The top box of an ATM contains all the computery bits. Unlike the money-holding safe beneath, it is unarmoured and not at all secure. A single key fits every NCR ATM top box in the world. There are quite literally millions of those latchkeys in circulation in almost every country around the world. Opening the box does not, in most cases, trigger an alarm or even an event log.
The "core" of the top box is a bog-standard IBM-clone PC. The 9-pin D-type connector in the video cable is absolutely standard. It is trivially simple to disconnect that connector and insert a miscreant's device, such as a simple remote-controlled switch, in the video screen line. Similarly, inserting a switch inline for the card reader is simply a matter of disconnecting a ribbon connector and inserting the device inline.
Total time to insert two such devices would be about ten seconds for a practiced person.
The hardware required is easily available for about £20. It's just the sort of radio controlled gear in the cheapest toy cars/boats/planes.
Well I never! This happened to me two days ago. I was stood at the machine card in started the process and the machine went blank. S**t thinks I, no money away from home, only cashcard, wifey looks impatient from the car I beckon her out (we had parked near the machine), I did the standard pilot thing of just press lots of buttons and thump it when nothing else works another 10 seconds and it comes back on, I press some more buttons now I can see the options, get my card out and walk. Maybe the crims thought with 2 of us there one would stay while I went inside to the bank, so turned it back on to get rid of us.
Low Flier, interesting idea but sounds a little too easy. Wouldn't you at least need access to the ATM's internals before opening the system unit?
I'd struggle to see manufacturer design panels signing off on what you describe, otherwise a competent person could simply insert dataloggers between the PC and the cardreader and keypad, possibly drawing system power and communicating wirelessly with a nearby device.
Lebanese Loop: Yup, also seen that one, in Amsterdam about eight years ago. The sounds and messages didn't seem quite right and behold - an easily removed gadget that made a nice souvenir. But just as Torque Tonight experienced, the local plod could not have cared less.
Wouldn't you at least need access to the ATM's internals before opening the system unit?

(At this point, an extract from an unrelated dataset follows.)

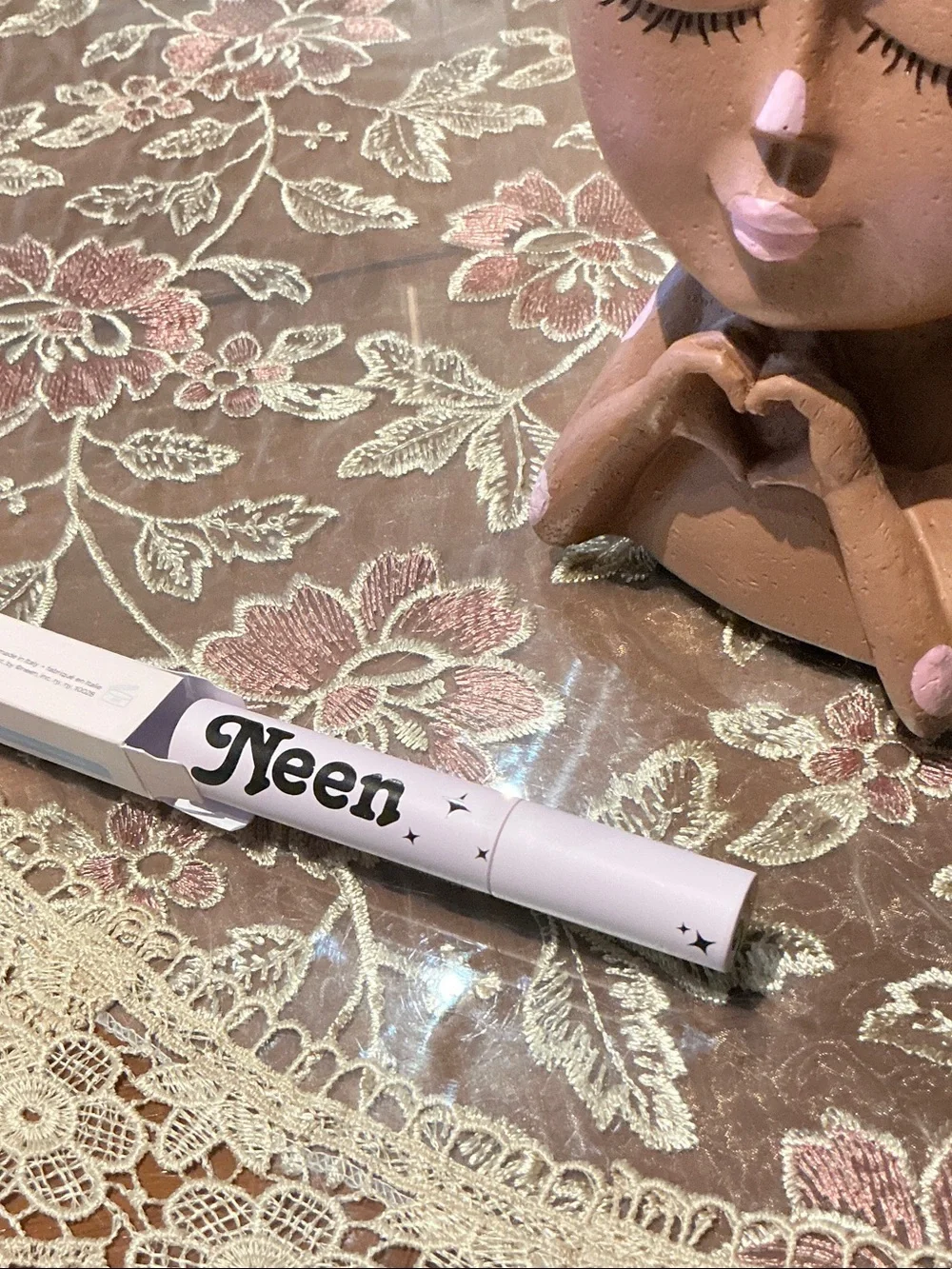 Wearneen pretty extra mascara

Yes, but in many banks the back of the ATM is in plain view and easily accessed by customers. Of course an accomplice or three needs to stand strategically between the back of the machine and the usual security cameras, but most bank cameras are quite openly visible.
Quote:
a competent person could simply insert dataloggers between the PC and the cardreader and keypad,
Inserting a datalogger between the keypad and the core would tell you exactly nothing. The pad is a solid state affair which encrypts the keystrokes in realtime. It's an extremely tough code to break, triple DES if I recall correctly. The core of the ATM hasn't a clue what your PIN is. It simply relays the encrypted version to the bank's server, reencrypted for further security. Even the server doesn't know your PIN. Nobody in your bank knows your PIN and nobody has any way of finding out what it is, even if they have full access to all the bank's computer systems.

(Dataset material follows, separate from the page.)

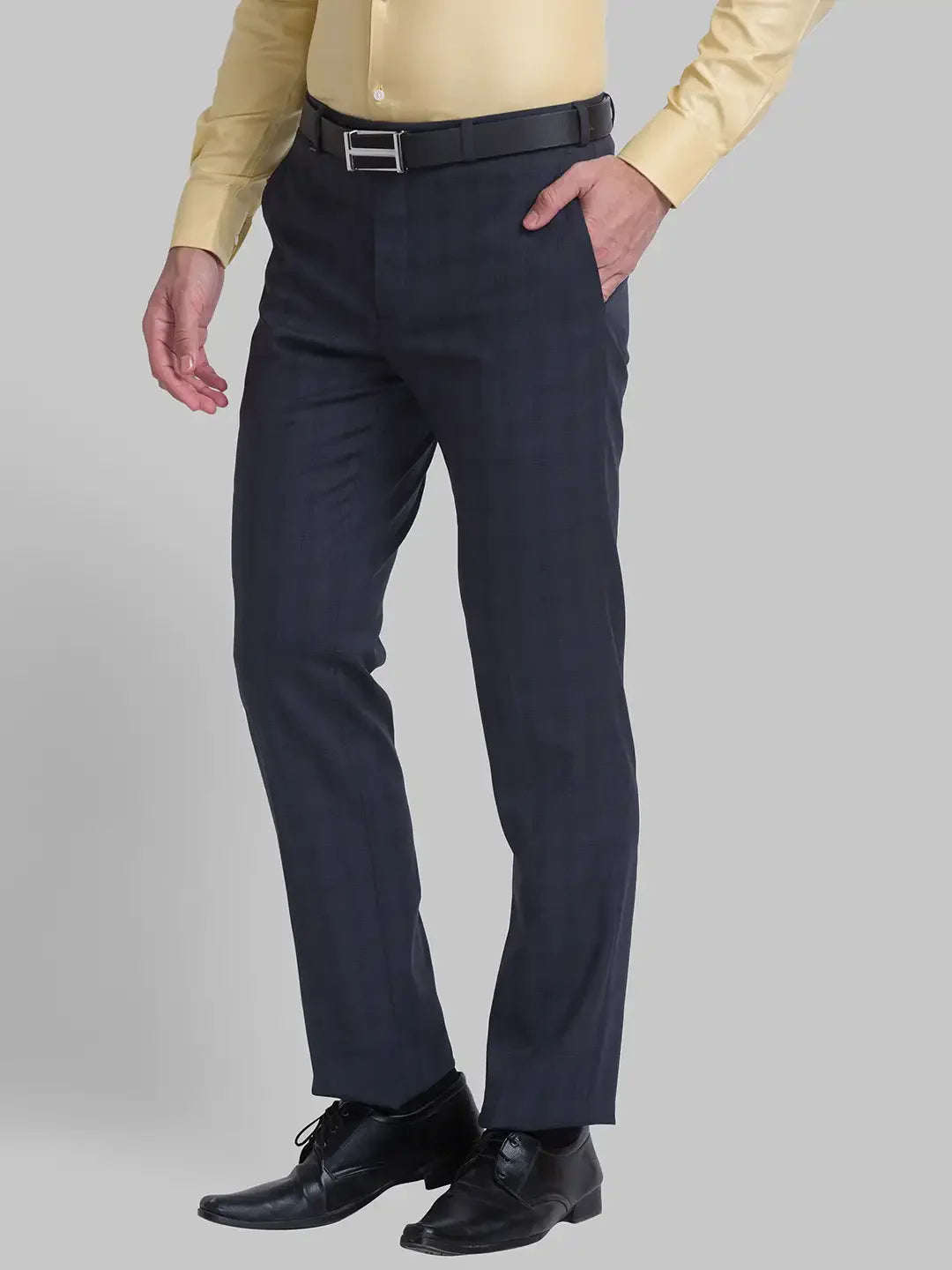 Men Grey Contemporary Fit Checks Polyester Blend Trouser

The way all these ATM ripoff schemes work is by having someone peer over your shoulder as you type in your PIN.
The Lebanese Loop, by the way, was easily defeated by retrofitting ATMs with a slightly modified card entry bezel. The vulnerable ones were the old flush-mounted bezels, the dark coloured ones. The light coloured ones, almost transparent with the sloping rain deflector at the top, cannot catch and hold the folded 35mm film which was the "Loop", no matter how carefully the edge perforations in the film are cut and folded back.
Of course there is no need to employ these sneaky Eastern European tricks or go to puter college for four years, use the Anglo Saxon method,steal a JCB and just rip buggah out of the wall.